Santa Cruz Beach Boardwalk is truly the quintessential beach boardwalk experience. It brought back childhood memories to Grandma and gave great new experiences to our children. With a roller coaster on the National Registry along with many modern rides, an arcade and midway, the Santa Cruz Beach Boardwalk has fun for everyone. Don’t pass up the best lollipops in the nation–created by Kendon’s in San Jose, CA, these lollipops are divine! We were there on a rainy day so we did not get to ride too many rides, but it was still a fun time and my kids only wanted to stay longer.
We had lunch at the Picnic Basket, a local sandwich shop dedicated to simple, delicious food and treats, seasoned with lots of love. Local farmers, foragers, and artisans, including the famous Penny Ice Creamery, are the cornerstone of their seasonal menu. Lunch was a HIT with Mom and Grandma but not as much with the kids since the food is a bit upscale for their taste. However, the ice cream, which is handmade by the owner, was a surefire hit with the kids. We recommend this place for lunch to our friends whose kids’ palate is more developed or to adults wanting a quick delicious bite. Ice Cream for Everyone!
San Francisco: an enchanting city and with a stay at the Mark Hopkins on Nob Hill, who wouldn’t be enchanted. We discuss our inter-generational travel to the city by the Bay and how to make it work for every generation along with our exciting adventures.

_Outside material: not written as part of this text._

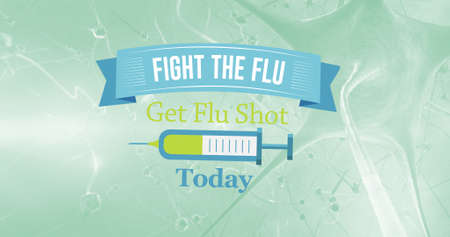 Composition of fight the flu text and syringe icon over cells on green background. flu, sickness, virus and vaccination concept digitally generated image.の写真素材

You would think that a city without a large amusement park would be the last place to take children. San Francisco is an amazing place because it is the city itself that provides the amusement. There is something about it from the hilly streets, cable cars, winding roads, bridges, fog and rain, and of course Nob Hill and the Mark Hopkins hotel that makes this city enjoyable for all generations. This city holds extra charm for us because it is the city where my mother and I started our journey together–where my mom had lived as a single woman and then taken me as her baby and young daughter to enjoy city life.
During our 3 days in San Francisco, we took in the city’s sites using our San Francisco City Pass. From other shows, you know we are a fan of checking for City Passes that include multiple attractions and rides on local transport services–this was a great deal since it included museums, cable cars, muni-bus service, and a ride on the Blue and Gold Fleet.
The Escape from the Rock cruise around the bay plus Alcatraz was fabulous and well worth the extra money. Alex, who never stays still, listened to the narration intently. He had read a few books that featured Alcatraz and was surprised to learn that Al Capone was just a short, fat Italian who he never would have recognized as a criminal mastermind. The view of Alcatraz was incredible. We opted not to go to the island because the climb up is very steep and Grandma would not be able to make it. Sometimes, with inter-generational travel, you have to make these decisions.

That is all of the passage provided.